When I read it, I just knew it was blog fodder. Last Thursday the Star Ledger/NJ.com prominently published an opinion piece by Richard Vezza, its retired editor/publisher (and current government affairs chairman for the New Jersey Press Association), entitled “Our state newspapers are on the brink.” The story asserts an existential threat to many newspapers (and the potential of massive layoffs at others) caused by the enforcement of New Jersey’s law regarding the classification of the people who deliver those newspapers as employees rather than independent contractors and urges the governor and leaders of the senate and assembly to change the law (as California and New York have) so that newspaper delivery people can remain independent contractors.((As the piece explains, many newspapers contract out the delivery of their newspapers to just two companies for delivery to homes and retailers; these companies in turn rely upon individuals who are classified as as independent contractors rather than employees. If they were employees, the companies would have to pay more for their services (the piece estimates the increased cost to be between 86% to 128%), which costs would be passed on to the newspapers. That is the issue.))
Tort law has a doctrine known by the Latin term respondeat superior under which the master (employer in modern terms) is liable for the torts of the servant (employee) based upon the master’s legal authority to control the servant’s conduct. This vicarious liability does not apply to the master’s “independent contractors,” whose moment-by-moment conduct is not subject to the same degree of legal control.
Over time, and with the benevolent government’s increasing altruistic concern for the welfare of workers expressed by the mandating of benefits (for which someone else is paying), the distinction has become significant (and this is the current issue) in terms of whether those benefits must be provided and the liability and payor-identity of certain taxes. Independent contractors are not entitled to the minimum wage, overtime, unemployment compensation or other benefits that the employer or government (at partially or totally the employer’s cost) provides. To the extent a employer’s workers are independent contractors, there will be no obligation on the part of the employer to pay overtime, a share of social security, unemployment and perhaps other taxes or to provide benefits (such as health insurance) which its employees get.((At least some of these taxes are then supposed to be paid by the independent contractor, but collection becomes more questionable if not deducted at the source.)) Thus, in many cases an employer reduces its labor cost significantly by classifying workers as independent contractors rather than employees.((The classification is not always just done for this purpose. If the Star-Ledger calls in an outside IT firm to fix its computer network, that relationship is quite correctly one of an independent contractor rather than employment, but “freelance” journalism is probably an entirely separate question.)) The government does not let the employer’s classification, or even a specific agreement between the employer and the worker, be the last word. Instead, it applies what is typically called the “ABC test.”((For anyone particularly interested on what the ABC test is (and the specifics and desirability of that test is beyond the scope of this post), see how the New Jersey Department of Labor and Workforce Development phrases it.))

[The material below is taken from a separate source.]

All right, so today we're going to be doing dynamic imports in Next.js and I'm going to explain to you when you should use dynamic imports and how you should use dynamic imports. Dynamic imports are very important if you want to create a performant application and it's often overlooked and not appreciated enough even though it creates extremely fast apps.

Independent contractor status benefits some workers for whom it provides greater flexibility and the opportunity to earn more by working for more than one employer. Vezza claims that newspaper delivery people are among them:
Most independent delivery people in New Jersey work 2-4 hours per day in the mornings and then have the flexibility to seek other work or take time for themselves and/or their families and loved ones. They set their own hours, are not supervised, and they may (and often do) hire others to perform their work. Their only obligation is to deliver the work product for which the company has contracted.))

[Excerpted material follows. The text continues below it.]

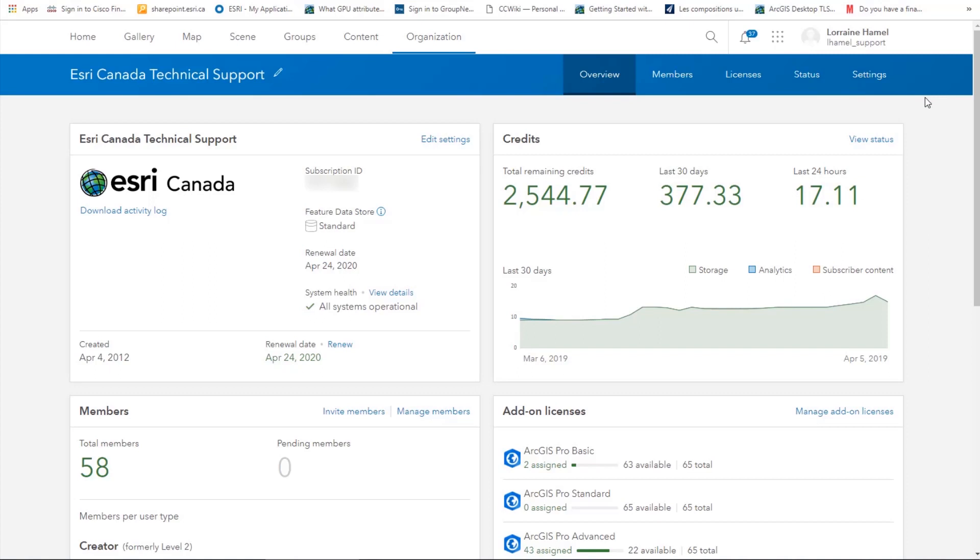Hi there, this is Lorraine with Esri Canada and today we'll be talking about creating groups and sharing in ArcGIS Online. Have you ever wanted to share some of your ArcGIS Online content with only certain people in your organization, or perhaps with people outside of your organization? The way to do that is through groups. Today I'll be walking you through how to create groups in ArcGIS Online, how to invite users to your group, and how to share content to that group. So let's take a look.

Although I haven’t talked to any of them, I really doubt such satisfaction with their lot is a widespread view. Their ability to set their own hours is (or better be) fictional, otherwise my week’s worth of morning papers might be delivered Sunday afternoon. I don’t see how the classification impacts the time actually necessary to do the job or any of the other listed advantages.
Thus, we are left with the primary beneficiaries of a special exception to New Jersey’s labor laws being only New Jersey’s newspapers. Why are they deserving of this largesse? Vezza’s answer is: “to preserve the flow of information to the public, save jobs((The piece stresses that union jobs are at stake. I doubt those who are up early in the morning to deliver the papers are unionized; that probably one of the benefits that only employees get.)) and, most importantly, maintain government transparency.” I would imagine that any other industry that sought such an advantage — and to the expense of what must be its least-favored workers — would be editorially accused of padding its pockets on the backs of its workers or some other mixed metaphor.((I cannot actually accuse the Star-Ledger of the same degree of hypocrisy as I did with respect to the $15 minimum wage because I cannot find that it has taken an editorial position on this issue.))
In June 2021 I wrote: “Although I appreciate the importance of old-fashioned printed newspapers to an informed citizenry (and I subscribe to several), I cannot agree with the position that legal advertising should be mandated for the purpose of their economic support.” I feel the same way about giving them a special exception from a generally prevailing labor law.